Minggu, 11 Januari 2015

Mengelola Ekspektasi

Saat memasuki bulan ke-2 pelatihan intensif Pengajar Muda, pernah kami mendapat sebuah sesi dimana fasilitator meminta kami untuk mengungkapkan kesan kami terhadap pelatihan yang sudah sebulan berjalan itu. Setiap peserta diminta untuk membuat masing-masing satu kalimat berisi kesan. Syaratnya, kalimat itu harus diawali dengan kata "ternyata".

Maka meluncurlah rentetan kalimat berawal dengan kata "ternyata" itu. "Ternyata, sangat melelahkan ya, setiap pagi harus bangun sebelum subuh dan tidur menjelang tengah malam. Ternyata, tugas-tugas yang diberikan terlalu banyak ya! Ternyata ini, ternyata itu, bernyata begini, begitu, dst."

Fasilitator merangkum jawaban kami dengan cara menuliskan kisi-kisi penting dalam potongan karton warna-warni yang kemudian ditempel di papan tulis. Dari semua jawaban yang kami ungkapkan, sebagian besar bernada keluhan. Hanya beberapa saja yang bernada pujian. Fasilitator kemudian bertanya kepada kami mengapa sebagian besar dari kami membuat kalimat yang menyiratkan keluhan. Jawaban pun mengalir dari lisan kami. Kesimpulannya, kami memiliki ekspektasi yang terlalu tinggi ketika awal mulai pelatihan ini. Ekspektasi tersebut berbenturan dengan kenyataan-kenyataan. Kami pun sepertinya larut dalam benturan itu. Akibatnya, respon yang muncul adalah keluhan. Ini berarti kami belum pandai bagaimana caranya mengelola ekspektasi. Atau bisa jadi ini terjadi karena ekspektasi yang kami bangun di awal tidak sejalan dengan "niat baik". 

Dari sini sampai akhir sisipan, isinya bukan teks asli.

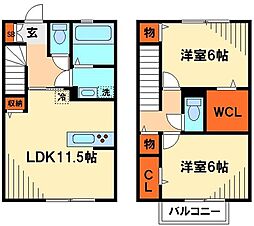 リヴィエール5 2LDKの間取図画像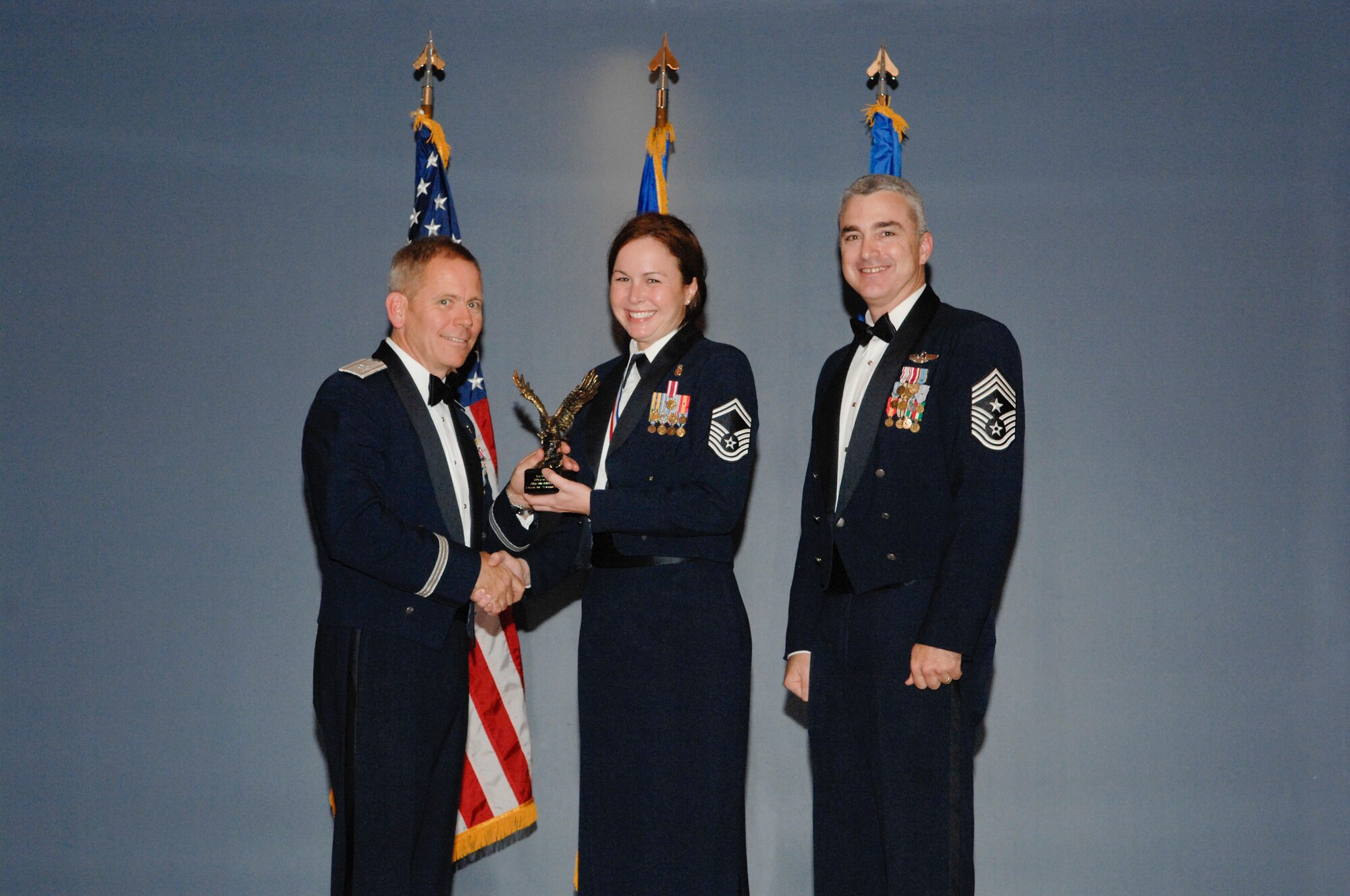 Senior Non-Commissioned Officer of the Year was awarded to Senior Master Sgt. Jody L. Petersen, 325th Medical Support Squadron superintendent, in a ceremony Jan. 6 at the Heritage Club. (U.S Air Force photo by Chris Cokeing)
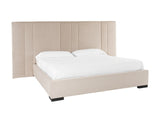 Penelope + Aspen - Modern Beige Velvet + Brown Ash Bedroom Set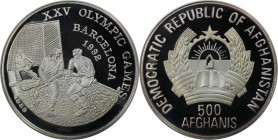 Weltmünzen und Medaillen, Afganistan. Olympiade Barcelona. 500 Afganis 1989, Silber. 0.51OZ. KM 1012. Polierte Platte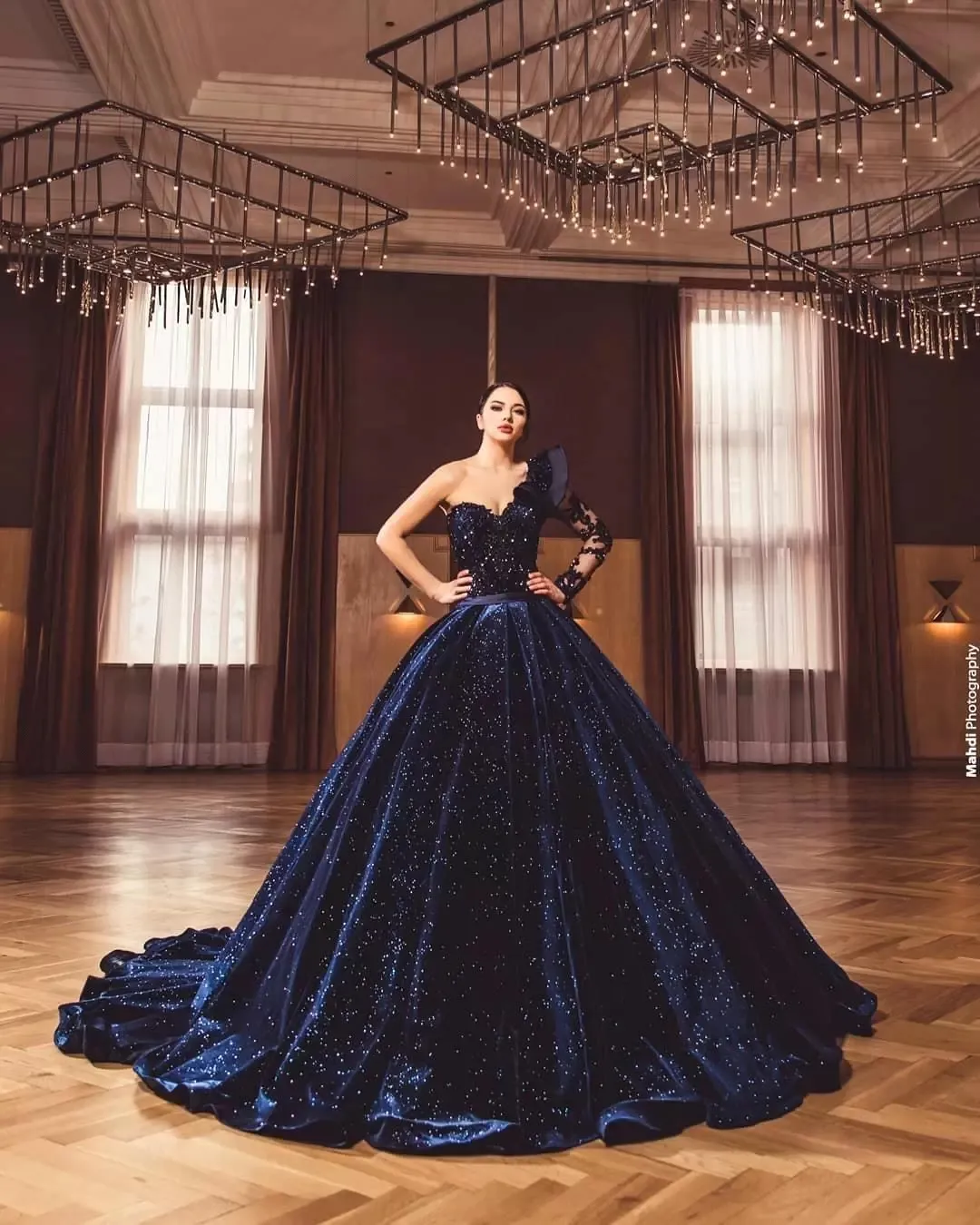 Navy Velvet Ball Gown Quinceanera Dress with Crystals Beading Long Sleeve Court Train 2024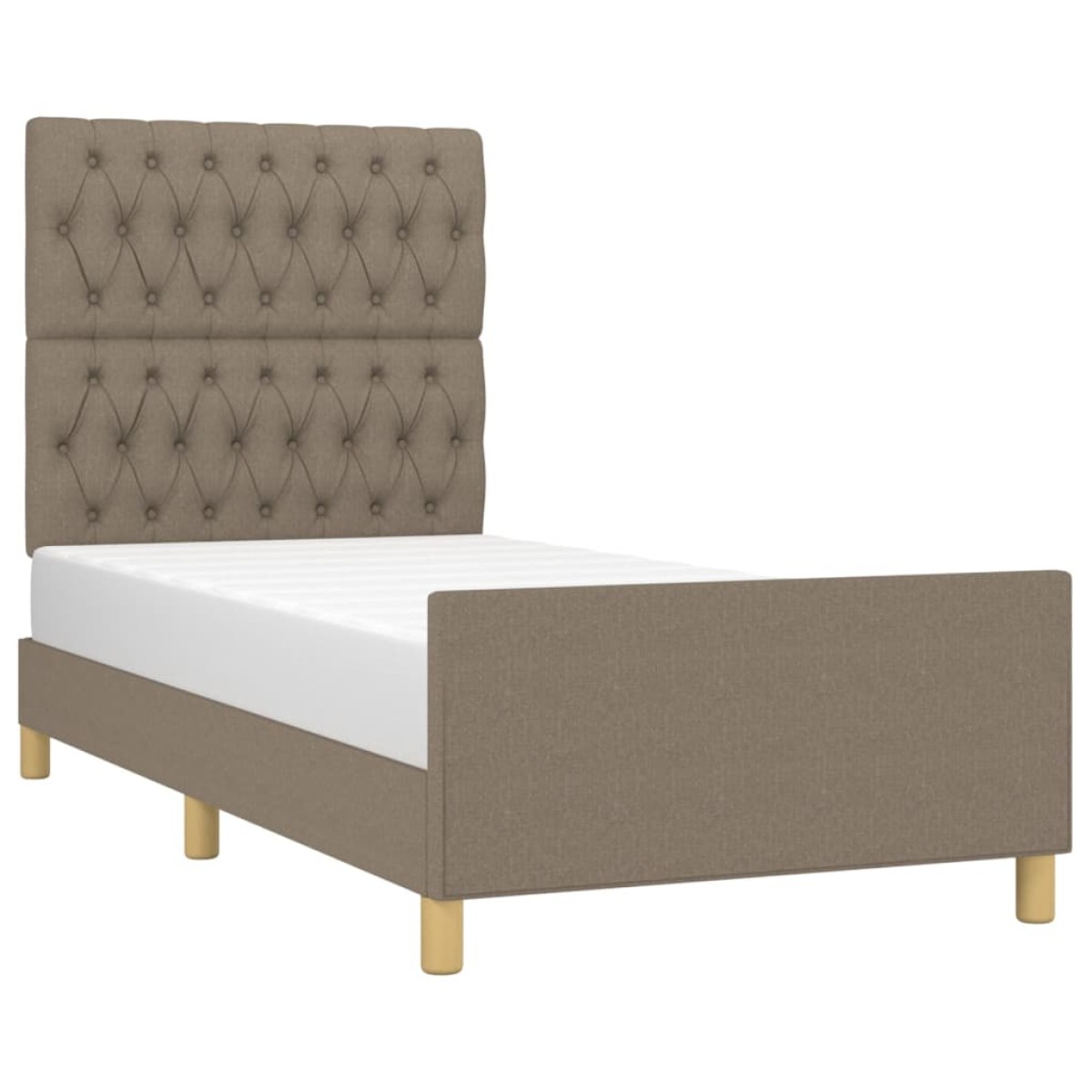 vidaXL Πλαίσιο Κρεβατιού με Κεφαλάρι Taupe 90x200 εκ. Υφασμάτινο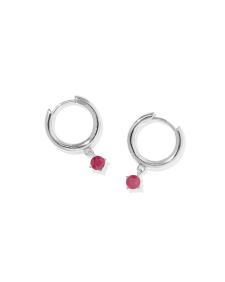 Maisie Sterling Silver July Huggie Earrings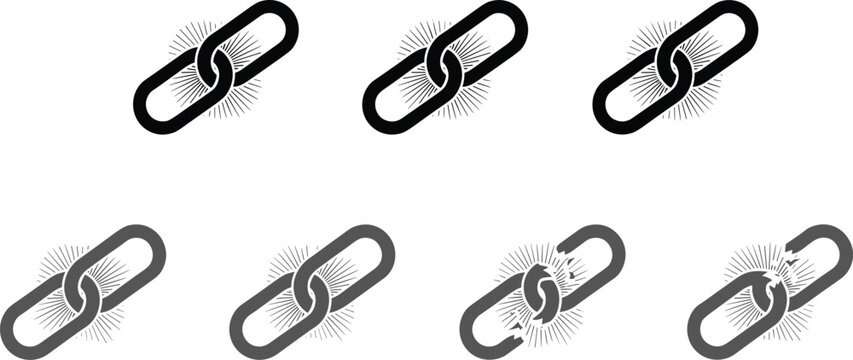 Broken Chain Link and Disconnect Symbol Icon Set Featuring Network Failure Security Break and Connection Error Concepts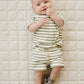 Sage Stripe Button Short Set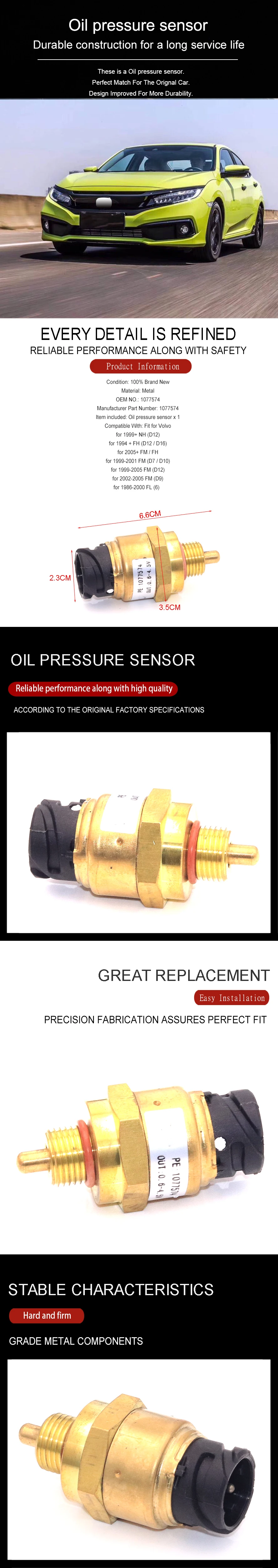 1077574 Oil Pressure Sensor Switch Trucks Parts For Volvo D12 D16 D7 D10 D9 Trucks FH FM NH FL VN VNL 1999-2001 2002-2004 2005 (8)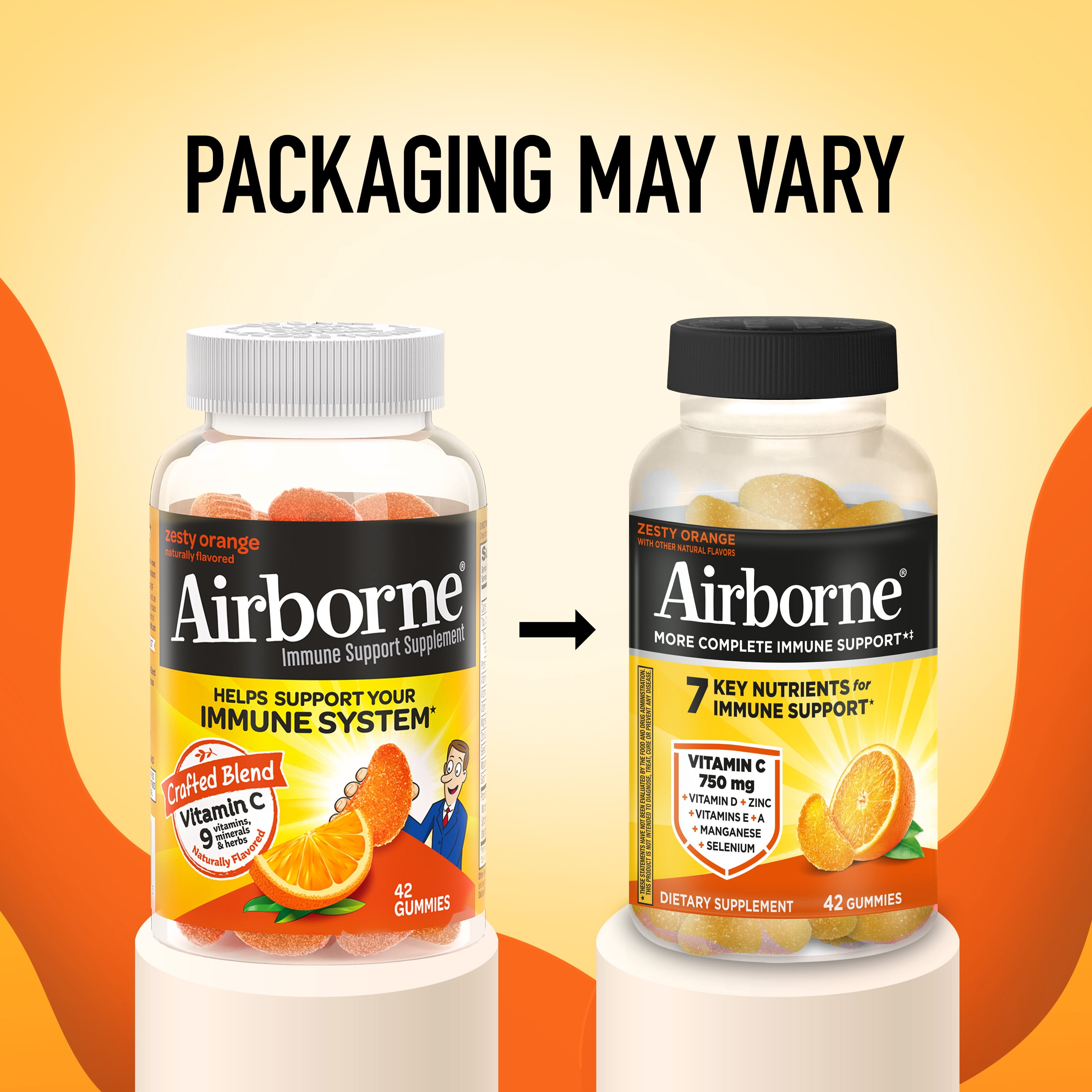 (3 pack) Airborne 750mg Vitamin C Immune Support Gummies, Zesty Orange Flavor, 42 Count
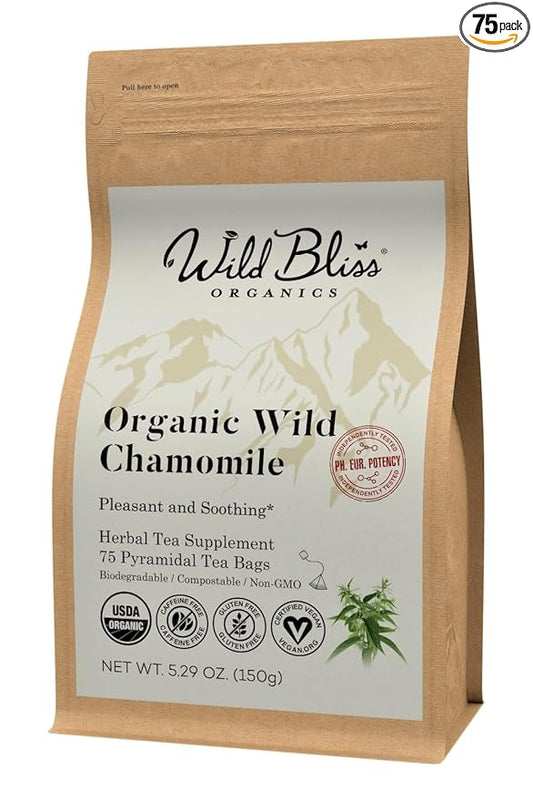 Wild Bliss Organic Wild Stinging Nettle Leaf Tea - Caffeine Free Urinary Tract and Joint Health Herbal Support - Pharmacopoeia Potency - 75 Plant Based Tea Bags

Di sinilah kemudian "niat baik" menjadi esensi dari segala tindakan yang akan dilakukan. Dalam perjalanan waktu, itu kadang akan sempat terlupakan. Oleh karenanya, perlu sesekali rehat sejenak untuk mengingat kembali "niat baik" itu. Melaui sesi yang dipandu oleh fasilitator tersebut, kami sebenarnya sedang diarahkan untuk mengingat kembali "niat baik" kami. Jika "niat baik" terjaga, maka benturan antara kenyataan dengan ekspektasi pun bisa diambil sisi positifnya. 

Saya menjadi teringat sesuatu yang saya lakukan saat saya SMA. Waktu itu saya membuat catatan khusus tentang kekalahan saya dalam berbagai perlombaan. Catatan itu saya namai "catatan kegagalan". Sejak SD saya memang sudah senang mengikuti berbagai perlombaan. Ini berlanjut ketika SMP dan SMA. Setiap ada lomba, saya selalu ingin berpartisipasi, dari lomba membaca puisi, menulis esai, menulis surat, karya ilmilah, pramuka, olimpiade SAINS, pidato hingga debat. Saya mengalami kekalahan pada sebagian besar lomba yang saya ikuti itu. Kekalahan-kekalahan itulah yang kemudian saya tuangkan dalam "catatan kegagalan". 

Belakangan saya baru tahu bahwa menuliskan sesuatu yang negatif seperti "kegagalan" akan berdampak kurang baik secara psikologis. Sepertinya memang benar. Dulu, setiap kali membuka "catatan kegagalan" itu rasanya berat sekali. Apalagi ketika isi catatan itu sudah menjadi semakin banyak. "Yah, kok gagal lagi sih!", keluh saya. Namun, dibalik itu, setidaknya saya memiliki rekam jejak usaha saya. "Tuh Dita, kamu sudah berusaha keras kok! Yang penting usahanya, bukan hasilnya", kata saya pada diri sendiri. 

Proses tersebut tanpa saya sadari telah mengajari saya tentang satu hal besar yaitu menjaga niat. Bukankah niat saya untuk mengikuti berbagai lomba adalah untuk menaikkan kapasitas diri? Bahasa sederhananya bagi saya yang dulu masih belia adalah, menambah pengalaman dan teman. Pak Jangkung Suwargana, guru saya sewaktu SMP selalu mengingatkan kepada saya tiap kali akan mengikuti lomba, "Menang kalah iku biasa. Sing penting maju lomba kanthi percaya diri." (Menang kalah itu biasa. Yang penting ikut lomba dengan percaya diri.)

Ternyata saya sudah melalui perjalanan panjang tentang menjaga niat dan mengelola ekspektasi. Namun, hingga detik ini saya belum juga mahir menerapkannya dalam kehidupan sehari-hari. Baiklah, saya akan terus belajar!